> Problem to solve
Copy the entries exactly. Their pictures do not belong in the copy.

Image-text web data
·····
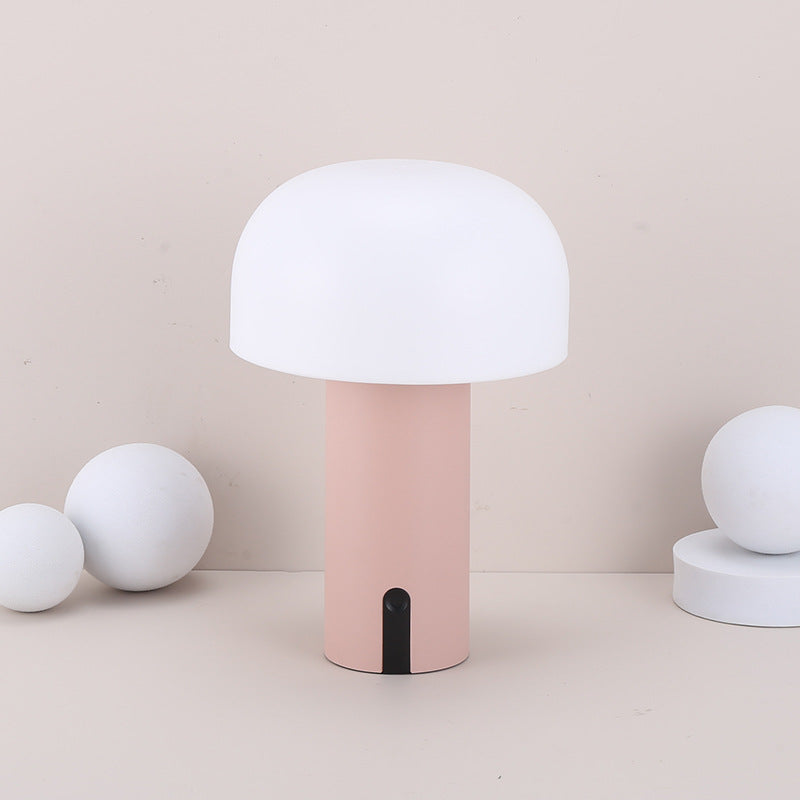 Draadloze tafellamp Paddenstoel — dimbaar, Ø 15 cm — afbeelding 4
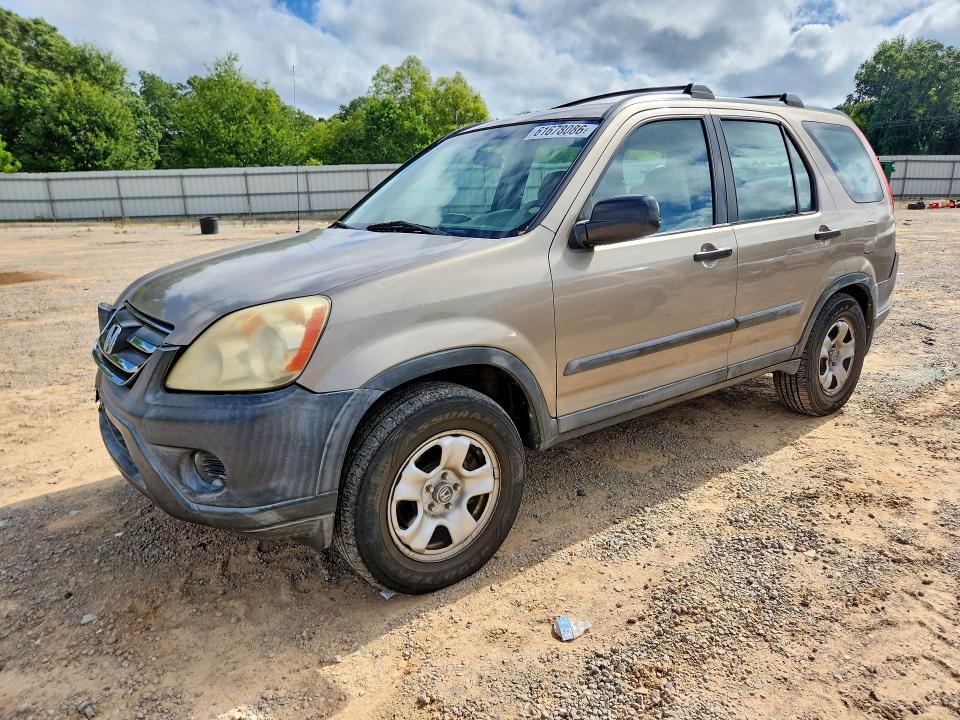 61678086 :رقم المزاد ، SHSRD68575U309206 vin ، 2005 Honda Cr-v مزاد بيع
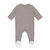 Babypyjama met voetjes Sprinkle taupe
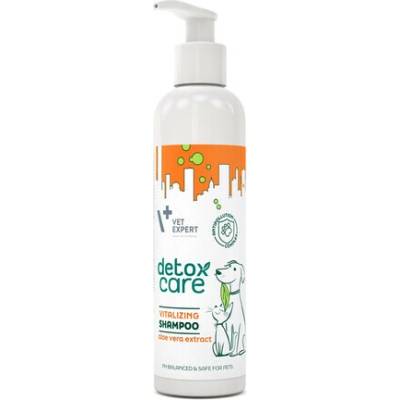 Vet Expert Detox Care Vitalizing Shampoo šampon pro psy a kočky i s matnou srstí 250 ml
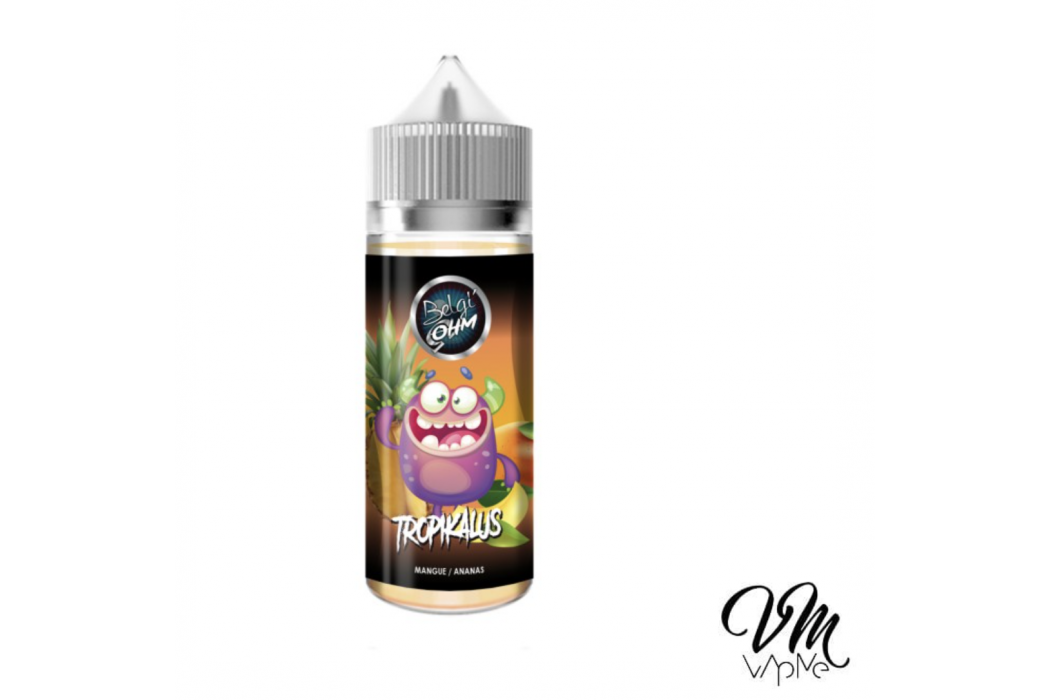 Tropikalus 100ml - Belgi'Ohm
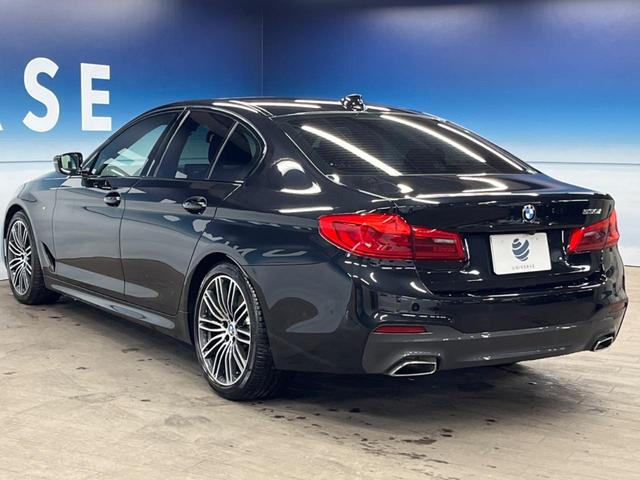 ５シリーズ ５３０ｉ　Ｍスポーツ　セレクトパッケージ　パーキングアシストプラス　ドライビングアシストプラス　純正ナビ　フルセグ　黒革シート　シートヒーター　パワーシート　パワーバックドア　ＬＥＤヘッドライト　ＬＥＤフォグライト　ＥＴＣ（18枚目）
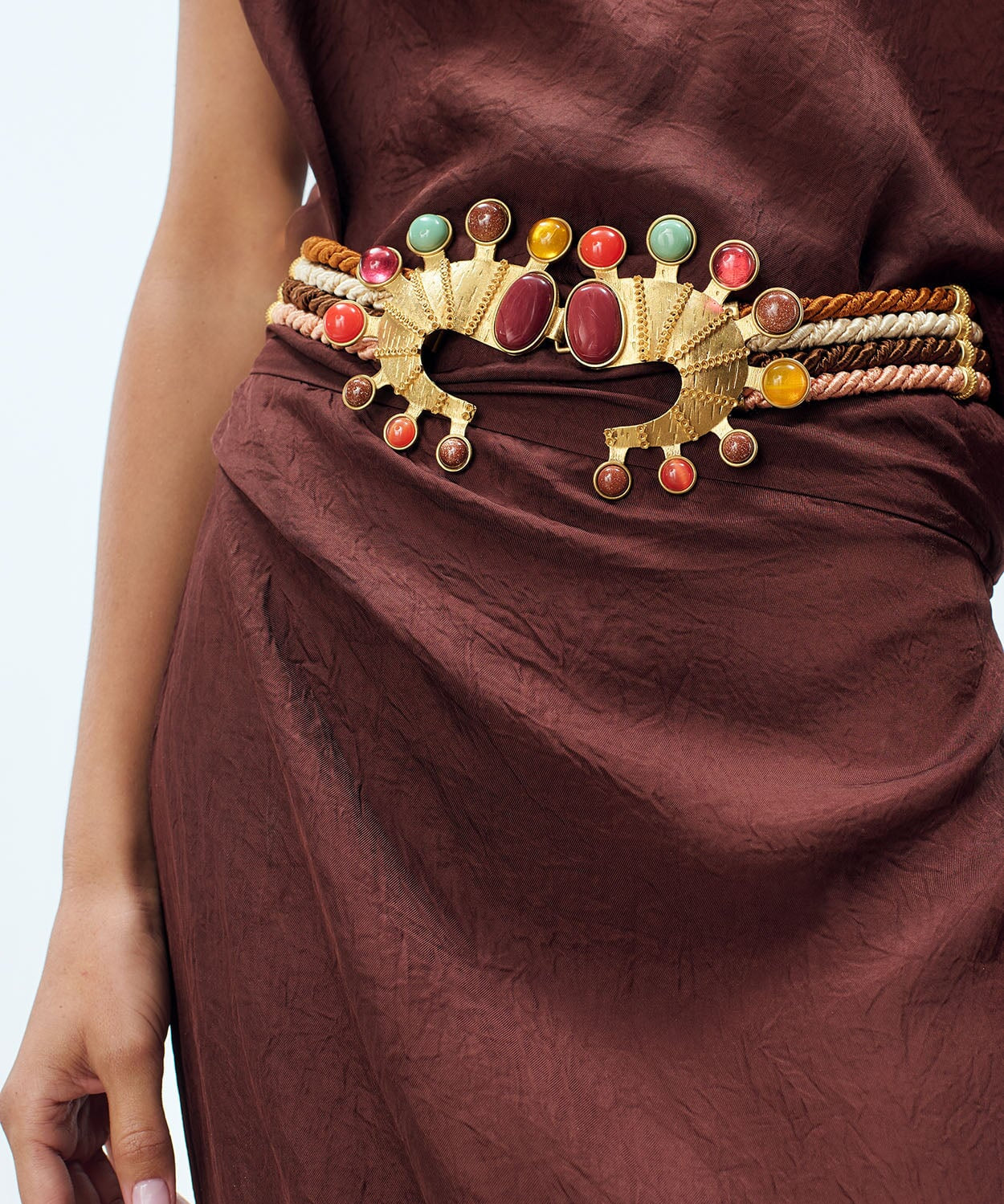 Seahorse Belt Sonia Petroff 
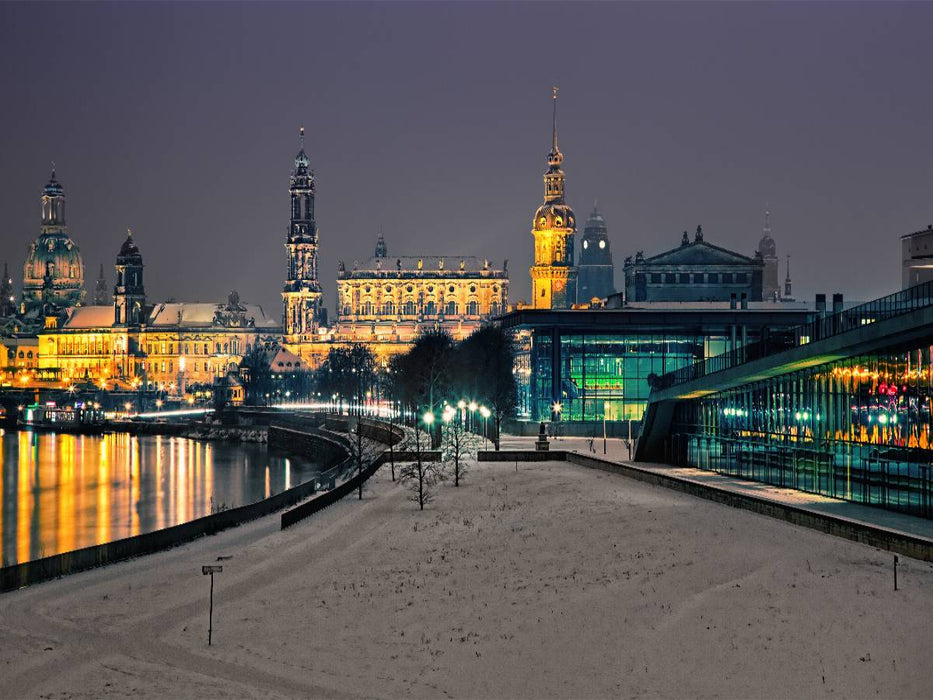 Kongresszentrum Dresden - CALVENDO Foto-Puzzle'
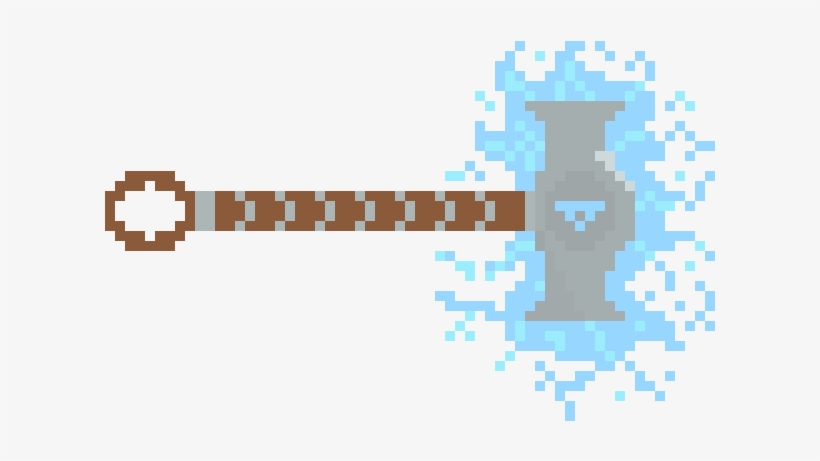 Thors Hammer - Mjölnir, transparent png download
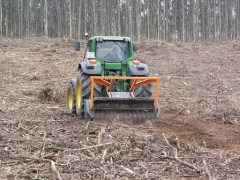 Trituradoras forestales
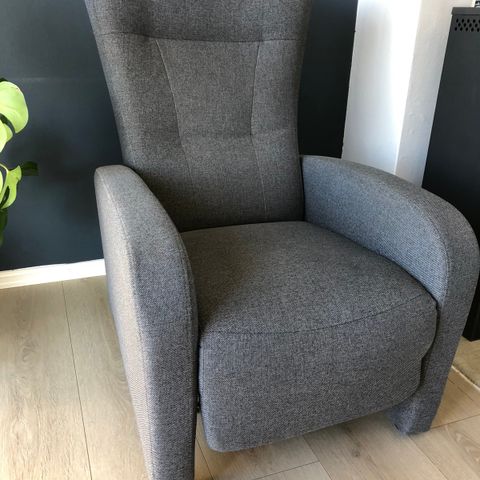 Birk lenestol med krakk selges | FINN.no Birk hvilestol med krakk | FINN.no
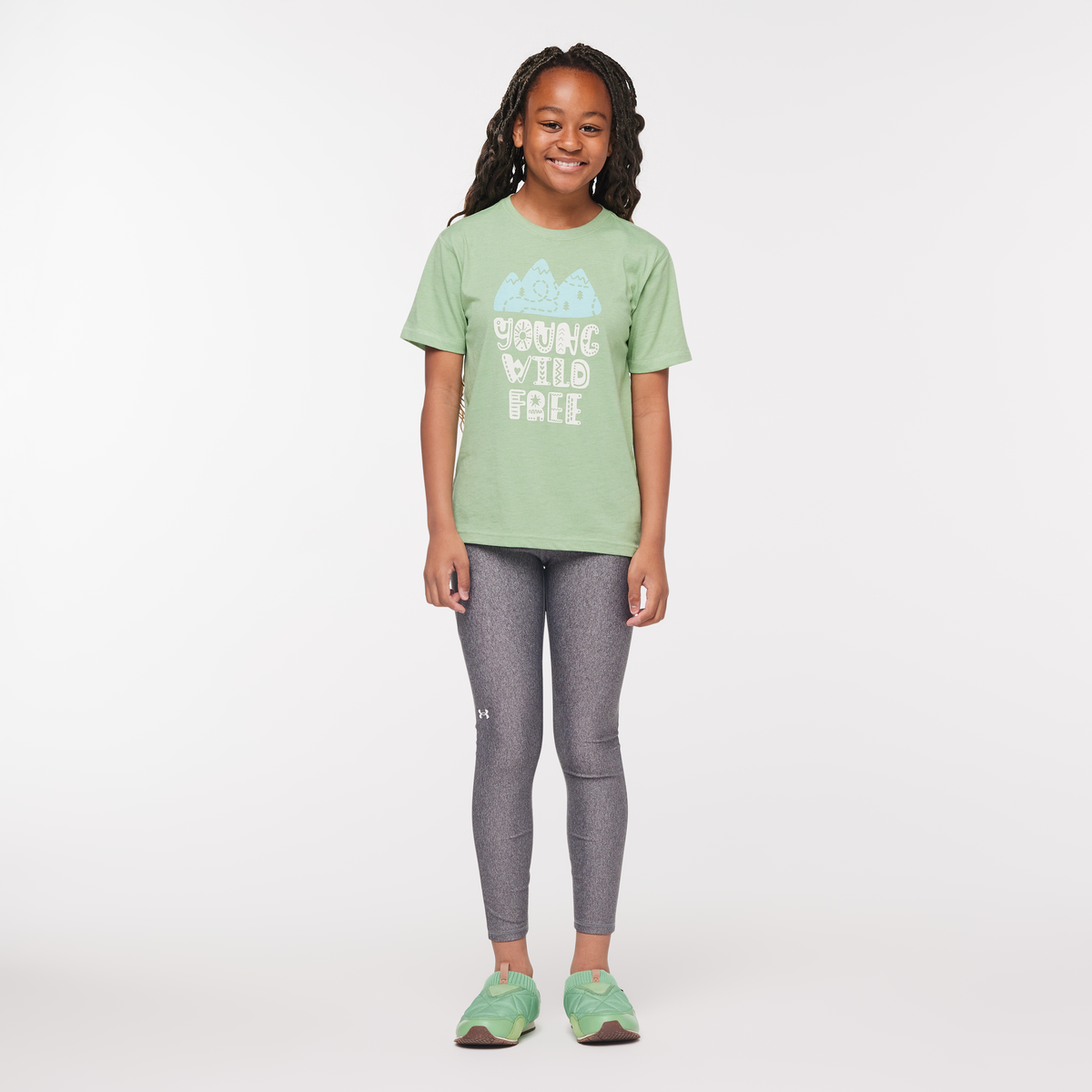 Be Free T-Shirt - Kids' - Image 2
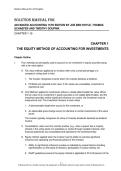 Advanced Accounting &ndash; 15th Edition &lpar;Hoyle&comma; Schaefer & Doupnik&rpar; &ndash; Complete Solution Manual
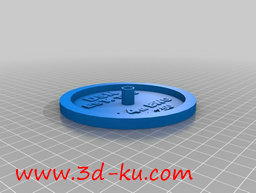 3D打印模型这是一个34米直径的的图片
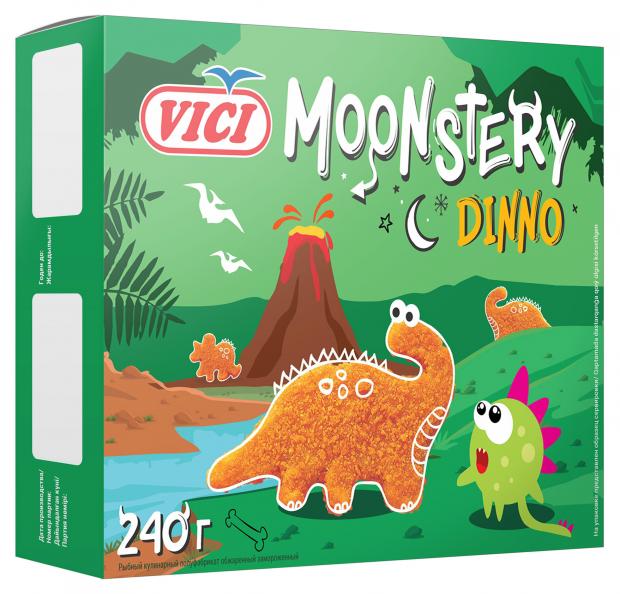 

Рыбные фигурки VICI Дракоша в панировке, 240 г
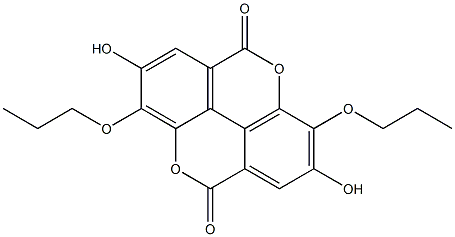 2,7-Dihydroxy-3,8-dipropoxy[1]benzopyrano[5,4,3-cde][1]benzopyran-5,10-dione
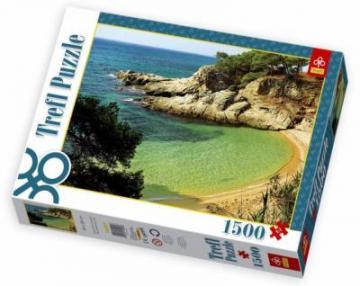 Puzzle Trefl 1500 Golful misterios - Pret | Preturi Puzzle Trefl 1500 Golful misterios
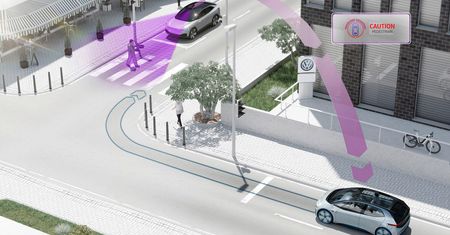 Samochody Volkswagena będą się ze sobą komunikować od 2019 r.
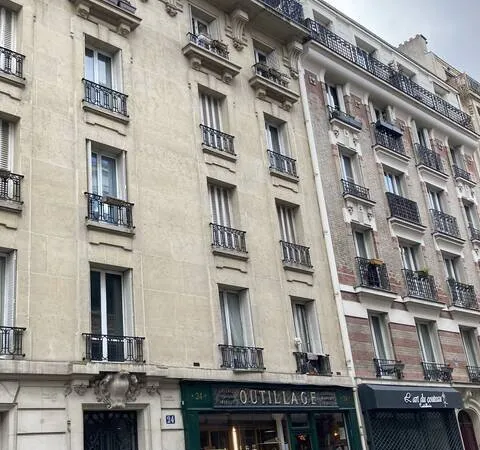 Appartement 2 pièces 39 m²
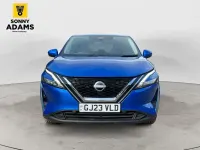 Used Nissan Qashqai Acenta Premium 158 HP (116 kW) 2023 Blue SUV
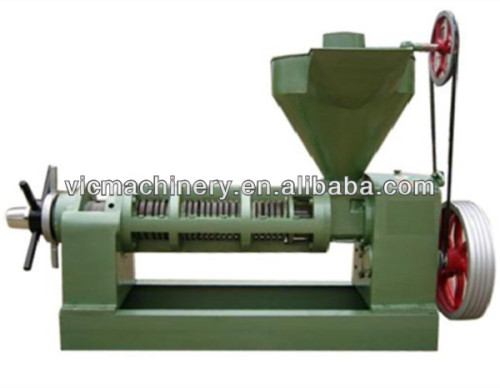 6YL-130 Edible oil press with high output and low consumption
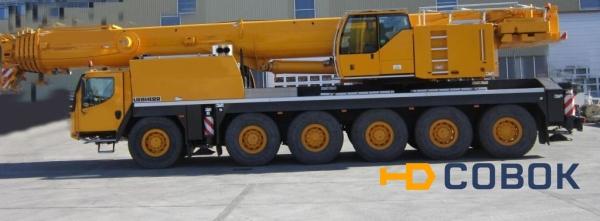 Фото Автокран Liebherr LTM 1150-6.1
·····
> Output of the task
 Draadloze tafellamp Paddenstoel — dimbaar, Ø 15 cm — afbeelding 4
 61678086 :رقم المزاد ، SHSRD68575U309206 vin ، 2005 Honda Cr-v مزاد بيع
 Babypyjama met voetjes Sprinkle taupe
 Vet Expert Detox Care Vitalizing Shampoo šampon pro psy a kočky i s matnou srstí 250 ml
 Tropikalus 100ml - Belgi'Ohm
 ５シリーズ ５３０ｉ　Ｍスポーツ　セレクトパッケージ　パーキングアシストプラス　ドライビングアシストプラス　純正ナビ　フルセグ　黒革シート　シートヒーター　パワーシート　パワーバックドア　ＬＥＤヘッドライト　ＬＥＤフォグライト　ＥＴＣ（18枚目）
 Seahorse Belt Sonia Petroff 
 Kongresszentrum Dresden - CALVENDO Foto-Puzzle'
 Thors Hammer - Mjölnir, transparent png download
 Trituradoras forestales
 Birk lenestol med krakk selges | FINN.no Birk hvilestol med krakk | FINN.no
 Be Free T-Shirt - Kids' - Image 2
 Advanced Accounting &ndash; 15th Edition &lpar;Hoyle&comma; Schaefer & Doupnik&rpar; &ndash; Complete Solution Manual
 3D打印模型这是一个34米直径的的图片

Рыбные фигурки VICI Дракоша в панировке, 240 г
 2,7-Dihydroxy-3,8-dipropoxy[1]benzopyrano[5,4,3-cde][1]benzopyran-5,10-dione
 Puzzle Trefl 1500 Golful misterios - Pret | Preturi Puzzle Trefl 1500 Golful misterios
 Samochody Volkswagena będą się ze sobą komunikować od 2019 r.
 Appartement 2 pièces 39 m²
 Used Nissan Qashqai Acenta Premium 158 HP (116 kW) 2023 Blue SUV
 6YL-130 Edible oil press with high output and low consumption
 Фото Автокран Liebherr LTM 1150-6.1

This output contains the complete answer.